A total of 303 eligible patients with suspicion of suffering from OSA were involved in the study from July 2016 to September 2017. Figure 1 shows the patient flowchart with a detailed description of the recruitment process. Regarding unattended PSG, 43 participants were withdrawn due to poor signal quality, while 17 patients were further removed during automated signal pre-processing. Finally, 239 patients successfully passed to the pattern recognition stage. Table 1 shows the main characteristics of the population under study. Polysomnographic variables from at-home PSG are summarised in Table 2.

Figure 1
figure1

Patient recruitment flowchart. PSG: polysomnography; TRT: total recording time; TST: total sleep time.

Table 1 Main characteristics of the entire population under study and training and test groups.
Table 2 Polysomnographic variables derived from unattended PSG at patient’s home.

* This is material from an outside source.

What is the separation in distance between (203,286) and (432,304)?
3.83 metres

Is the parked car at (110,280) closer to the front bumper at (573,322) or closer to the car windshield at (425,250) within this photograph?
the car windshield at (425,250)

Figure 2 shows the feature selection process for the proposed data sources. From an initial feature set composed of 21 variables from single-channel SpO2, 9 (42.9%) optimum features were selected. Similarly, 6 out of 17 (35.3%) optimum features from single-channel airflow were automatically selected. Finally, a total of 18 out of 38 (47.4%) variables composed the optimum feature subset when both oximetry and airflow are considered jointly (dual-channel approach).

Figure 2
figure2

Automated feature selection procedure using a FCBF-based bootstrap (1000 iterations) approach for the proposed data sources: (A) single-channel oximetry; (B) single-channel airflow; and (C) dual-channel SpO2 and airflow. In the upper panels, variables are grouped according to the signal processing methodology: statistics in the time domain, spectral features, non-linear measures, and conventional indices. In the lower panel, variables are presented in the same order. For each data source, the particular significance threshold for feature selection is plotted (dashed black line). Selected optimum variables with relevance above the threshold are marked with an asterisk. M1t-M4t: 1st to 4th order statistical moments in the time domain; M1f-M4f: 1st to 4th order statistical moments in the apnoea-related frequency band; SE: Shannon spectral entropy; MF: median frequency; WD: Wootters distance; MA: maximum amplitude in the spectral band; mA: minimum amplitude in the spectral band; PR: relative power; SampEn: sample entropy; CTM: central tendency measure; LZC: Lempel-Ziv complexity; ODI3: oxygen desaturation index of 3%; ODI4: oxygen desaturation index of 4%; SatMIN: minimum saturation; SatAVG: average saturation; CT90: cumulative time spent with a saturation below 90%; RDI: respiratory disturbance index.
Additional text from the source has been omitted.